Noel King
Noel King is a host of Morning Edition and Up First.
Previously, as a correspondent at Planet Money, Noel's reporting centered on economic questions that don't have simple answers. Her stories have explored what is owed to victims of police brutality who were coerced into false confessions, how institutions that benefited from slavery are atoning to the descendants of enslaved Americans, and why a giant Chinese conglomerate invested millions of dollars in her small, rural hometown. Her favorite part of the job is finding complex, and often conflicted, people at the center of these stories.
Noel has also served as a fill-in host for Weekend All Things Considered and 1A from NPR Member station WAMU.

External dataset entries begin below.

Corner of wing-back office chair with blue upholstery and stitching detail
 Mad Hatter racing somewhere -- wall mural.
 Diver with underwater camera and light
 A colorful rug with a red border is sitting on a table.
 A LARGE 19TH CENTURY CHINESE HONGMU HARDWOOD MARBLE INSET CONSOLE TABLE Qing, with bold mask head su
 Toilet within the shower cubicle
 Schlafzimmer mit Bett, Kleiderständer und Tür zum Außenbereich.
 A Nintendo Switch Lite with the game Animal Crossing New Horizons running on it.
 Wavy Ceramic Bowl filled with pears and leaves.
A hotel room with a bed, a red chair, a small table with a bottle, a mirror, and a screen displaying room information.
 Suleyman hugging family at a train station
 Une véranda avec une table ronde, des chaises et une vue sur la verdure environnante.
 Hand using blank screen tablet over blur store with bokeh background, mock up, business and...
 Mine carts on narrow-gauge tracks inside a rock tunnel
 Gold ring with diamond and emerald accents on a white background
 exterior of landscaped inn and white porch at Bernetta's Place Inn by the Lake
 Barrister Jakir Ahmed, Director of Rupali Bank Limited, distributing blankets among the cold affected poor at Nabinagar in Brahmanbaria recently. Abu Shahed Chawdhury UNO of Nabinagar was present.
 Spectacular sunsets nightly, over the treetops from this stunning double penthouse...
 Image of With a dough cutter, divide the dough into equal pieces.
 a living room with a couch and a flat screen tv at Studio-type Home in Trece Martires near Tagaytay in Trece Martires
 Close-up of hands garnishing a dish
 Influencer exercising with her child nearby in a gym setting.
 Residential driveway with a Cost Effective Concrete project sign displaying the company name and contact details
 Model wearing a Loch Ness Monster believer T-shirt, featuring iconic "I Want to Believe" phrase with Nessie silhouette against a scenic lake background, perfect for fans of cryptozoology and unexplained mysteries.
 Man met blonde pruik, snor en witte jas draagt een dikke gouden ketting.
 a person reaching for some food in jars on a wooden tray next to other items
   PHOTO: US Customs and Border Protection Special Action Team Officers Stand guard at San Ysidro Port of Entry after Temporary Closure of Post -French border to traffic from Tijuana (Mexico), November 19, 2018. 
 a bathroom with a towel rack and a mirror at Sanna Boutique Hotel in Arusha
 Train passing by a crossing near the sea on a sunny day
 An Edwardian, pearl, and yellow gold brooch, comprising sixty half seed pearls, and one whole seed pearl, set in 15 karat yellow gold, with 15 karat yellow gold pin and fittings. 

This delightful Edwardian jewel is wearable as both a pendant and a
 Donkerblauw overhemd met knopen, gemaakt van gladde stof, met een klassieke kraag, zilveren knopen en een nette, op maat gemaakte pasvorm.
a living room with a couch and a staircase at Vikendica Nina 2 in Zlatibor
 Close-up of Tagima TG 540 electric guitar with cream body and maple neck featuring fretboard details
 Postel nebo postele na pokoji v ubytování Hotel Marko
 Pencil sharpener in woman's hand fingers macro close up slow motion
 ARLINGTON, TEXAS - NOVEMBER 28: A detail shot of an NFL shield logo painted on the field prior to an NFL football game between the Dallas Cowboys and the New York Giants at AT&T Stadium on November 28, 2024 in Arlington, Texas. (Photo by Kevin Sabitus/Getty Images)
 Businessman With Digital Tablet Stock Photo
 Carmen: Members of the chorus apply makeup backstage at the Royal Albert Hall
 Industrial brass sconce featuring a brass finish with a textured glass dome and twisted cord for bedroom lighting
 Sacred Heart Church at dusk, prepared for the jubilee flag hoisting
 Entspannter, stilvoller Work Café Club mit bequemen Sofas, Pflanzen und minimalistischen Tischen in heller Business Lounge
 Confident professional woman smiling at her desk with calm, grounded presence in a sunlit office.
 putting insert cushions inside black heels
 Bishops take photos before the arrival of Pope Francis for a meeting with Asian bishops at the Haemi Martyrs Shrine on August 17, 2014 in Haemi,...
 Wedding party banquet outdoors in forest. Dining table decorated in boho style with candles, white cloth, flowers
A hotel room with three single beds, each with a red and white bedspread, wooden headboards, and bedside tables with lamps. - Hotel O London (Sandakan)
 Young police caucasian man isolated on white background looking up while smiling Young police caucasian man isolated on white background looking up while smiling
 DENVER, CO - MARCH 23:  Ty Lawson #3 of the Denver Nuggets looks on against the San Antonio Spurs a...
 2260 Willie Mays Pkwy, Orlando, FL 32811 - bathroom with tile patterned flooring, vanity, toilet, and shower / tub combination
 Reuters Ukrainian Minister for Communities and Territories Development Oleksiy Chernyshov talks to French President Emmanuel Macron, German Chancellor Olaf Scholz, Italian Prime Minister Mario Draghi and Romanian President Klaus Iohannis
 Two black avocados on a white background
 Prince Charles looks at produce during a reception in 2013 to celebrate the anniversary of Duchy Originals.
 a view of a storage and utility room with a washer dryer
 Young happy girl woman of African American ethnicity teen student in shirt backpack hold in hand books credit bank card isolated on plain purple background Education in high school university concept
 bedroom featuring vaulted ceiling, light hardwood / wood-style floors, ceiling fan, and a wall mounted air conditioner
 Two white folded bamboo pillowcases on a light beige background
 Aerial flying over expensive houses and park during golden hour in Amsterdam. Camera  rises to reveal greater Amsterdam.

Before coming to NPR, she was a senior reporter and fill-in host for Marketplace. At Marketplace, she investigated the causes and consequences of inequality. She spent five months embedded in a pop-up news bureau examining gentrification in an L.A. neighborhood, listened in as low-income and wealthy residents of a single street in New Orleans negotiated the best way to live side-by-side, and wandered through Baltimore in search of the legacy of a $100 million federal job-creation effort.
Noel got her start in radio when she moved to Sudan a few months after graduating from college, at the height of the Darfur conflict. From 2004 to 2007, she was a freelancer for Voice of America based in Khartoum. Her reporting took her to the far reaches of the divided country. From 2007 - 2008, she was based in Kigali, covering Rwanda's economic and social transformation, and entrenched conflicts in the the Democratic Republic of Congo. From 2011 to 2013, she was based in Cairo, reporting on Egypt's uprising and its aftermath for PRI's The World, the CBC, and the BBC.
Noel was part of the team that launched The Takeaway, a live news show from WNYC and PRI. During her tenure as managing producer, the show's coverage of race in America won an RTDNA UNITY Award. She also served as a fill-in host of the program.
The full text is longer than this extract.